Tuesday, May 26, 2009

The Axe That Roared

Maev Kennedy of The Guardian has a story about an axe that was found in a quarry by John Evans and Joseph Prestwich that has reappeared after 150 years. According to the story:
On 26 May 1859, six months before Charles Darwin shattered the biblical creation story when he finally plucked up the courage to publish his theory of natural selection, the stone hand axe from the bottom of a French quarry was presented to the world at a lecture at the Royal Society in London.

Neither John Evans nor Joseph Prestwich, the businessmen and amateur archaeologist and geologist who found it, nor their distinguished audience, could guess its true age, around 400,000 years. But they did know it came from "a very remote period", when the woolly mammoth and rhinos, whose bones were mixed up in the same layer, roamed the plains of northern France.

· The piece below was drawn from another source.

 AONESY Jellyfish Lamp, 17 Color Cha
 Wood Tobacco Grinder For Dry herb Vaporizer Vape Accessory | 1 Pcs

There was no way the mammoths and the man-made tool could be fitted into the traditional biblical timescale, calculated by the 17th-century Archbishop Ussher, that God made the world in 4004BC.

The axe then vanished for 150 years, until it was tracked down by another archaeologist and geologist team – Clive Gamble, a professor at Royal Holloway, and Robert Kruszynski of the Natural History Museum – who publish their quest in next month's Antiquity journal.

It is important to note that this was not the first stone tool to come out of the ground and that people were starting to get some odd ideas about just how literal the biblical creation story actually was. The Spy Neandertals had been unearthed in Belgium, in 1828, the Feldhofer cranium in the Neander Valley, in 1856, and other finds had come to light, as well. The axe was special because it showed prehistoric occupation of England, which had spent most of its time under large sheets of ice.


  1. Was it a Neadertal axe? Homo Sapiens hasn't been around for 400K years, have we?

  2. Archaic Homo sapiens. There are two notable human fossil remains in England dating to between 300-400 ky--Swanscombe and Boxgrove along with some scattered material here and there.